Lleva el pelo liso, quizá demasiado largo para la higiene que se puede permitir, y negro, muy negro para la edad que aparenta, aunque es verdad que la intemperie envejece. Un día le escuché al pasar: «Es que las voces me hablan desde que me despierto, no paran, me vuelven loco, y me obligan a contestarles». El pobre, sumergido en una conversación eterna, de obligado cumplimiento, agotadora.
Así y todo, él trata de mantener el equilibrio ordenando su pequeño entorno, que va reubicando tras desahucios encadenados. Primero, en la que fuera la terraza de un bar ya cerrado. Todo impoluto: sus cosas perfectamente colocadas en bolsas; una tienda de campaña infantil, quizá donada por alguien que ya no cabía dentro; un escobillón boca arriba, para que se solee; una pala para recoger la basura… Un día su tienda amaneció hecha un amasijo de cenizas y telas a medio quemar: no podría evitar fumar dentro. Los del ayuntamiento limpiaron su rincón y los dueños de la terraza colocaron una reja metálica para que no se reinstalara, como ya había hecho otras veces. Después, Ismael se acomodó en un banco público cercano. Todo igual de impoluto, aunque más modesto: un saco de dormir que doblaba con esmero cuando salía de él, lo poco que salía a un exterior ingrato; las bolsas, con sus cosas dobladas dentro, a manera de almohadones...

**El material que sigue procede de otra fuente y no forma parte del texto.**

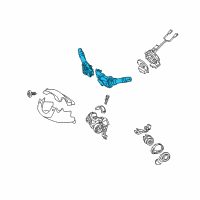 OEM 2013 Kia Forte Switch Assembly-Multifunction Diagram - 934001M020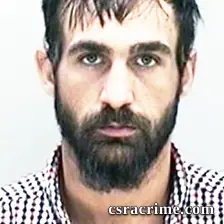 Zachary Shultz booking photo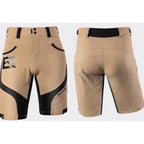 Rockbros Men's 2-in-1 Cycling Shorts Beige 3XL Rockbros/Odzież Rowerowa/Spodenki Your Sports Performance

Y cuando las voces le daban una tregua, se acercaba al albergue municipal a asearse, quizá también a alimentarse, aunque eso solía hacerlo allí mismo, en su domicilio callejero, convidado por la gente de los alrededores como un vecino más, con dificultades, como todos, cada uno con las suyas. Esos días se le veía contento, radiante después del baño. A Ismael la limpieza lo recargaba con la energía suficiente para no estar todo el día dentro del saco de dormir.
Hacía semanas que no lo veía, hasta que ayer me contaron en la calle: todo el barrio le sigue la pista. Parece que se ha buscado un lugar donde no lo echen, un lugar que no existe, ajeno a las miradas que le afean la conducta porque afea el paisaje del centro de la ciudad turística. Parece que ahora vive en el barranco, y que incluso tiene un jardín que comparte con otros vecinos, tan desahuciados como él. Parece que un flamboyán les refresca las tardes calurosas del final del verano en Santa Cruz. Seguro que tiene todo limpito.
Ah, y no se llama Ismael, se llama Ernesto.